Sugar mills to report 5-8% revenue growth in FY26 on better cane supply: ICRA Report
The Hindu
ICRA projects integrated sugar mills will see 5-8% revenue growth in FY26 due to improved cane supply and stable prices.
Integrated sugar mills are likely to see moderate revenue growth of 5-8% in FY26, driven by improved sugarcane availability and stable sugar prices, a report said on Friday (March 13, 2026).
However, margins are likely to remain broadly stable as cane prices have increased, while ethanol prices have remained largely stagnant, rating agency ICRA said in the report.
For SY2026, the Fair and Remunerative Price (FRP) for sugarcane has been increased by ₹15 to ₹355 per quintal for a basic recovery rate of 10.25%.
ICRA expects the operating margins of integrated sugar mills to remain range-bound at around 10-10.5% in FY26 compared to 9.6% in the previous year.

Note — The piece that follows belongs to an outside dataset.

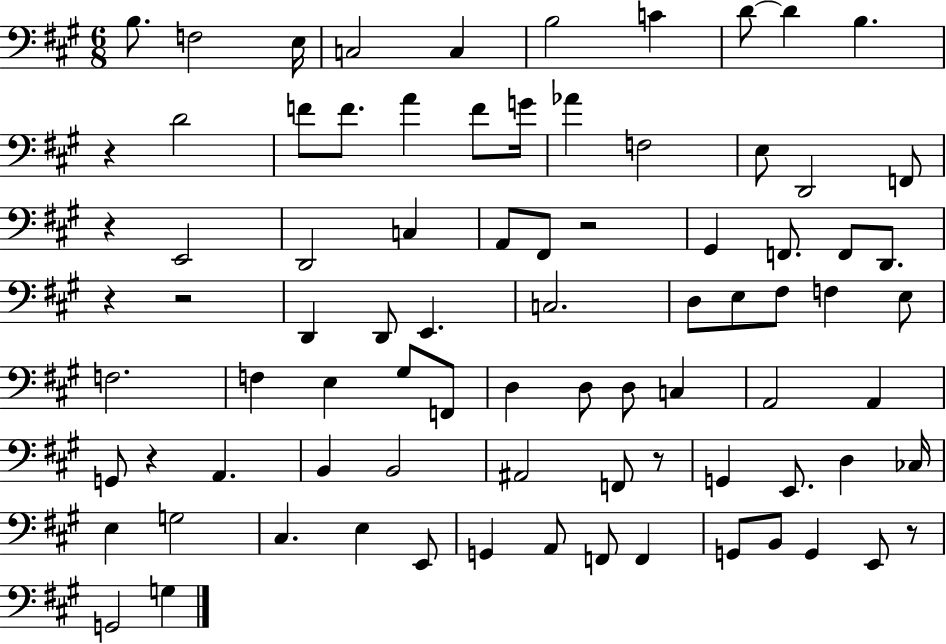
B3/e. F3/h E3/s C3/h C3/q B3/h C4/q D4/e D4/q B3/q. R/q D4/h F4/e F4/e. A4/q F4/e G4/s Ab4/q F3/h E3/e D2/h F2/e R/q E2/h D2/h C3/q A2/e F#2/e R/h G#2/q F2/e. F2/e D2/e. R/q R/h D2/q D2/e E2/q. C3/h. D3/e E3/e F#3/e F3/q E3/e F3/h. F3/q E3/q G#3/e F2/e D3/q D3/e D3/e C3/q A2/h A2/q G2/e R/q A2/q. B2/q B2/h A#2/h F2/e R/e G2/q E2/e. D3/q CES3/s E3/q G3/h C#3/q. E3/q E2/e G2/q A2/e F2/e F2/q G2/e B2/e G2/q E2/e R/e G2/h G3/q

The revenue growth for integrated sugar mills is projected to remain moderate at 5-8% in FY26, supported by higher cane availability and stable sugar prices, the rating agency said.
ICRA also noted that borrowings of its sample set are likely to moderate in FY26, supported by profit accretion and repayment of distillery loans, which is expected to keep the capital structure comfortable and improve coverage metrics.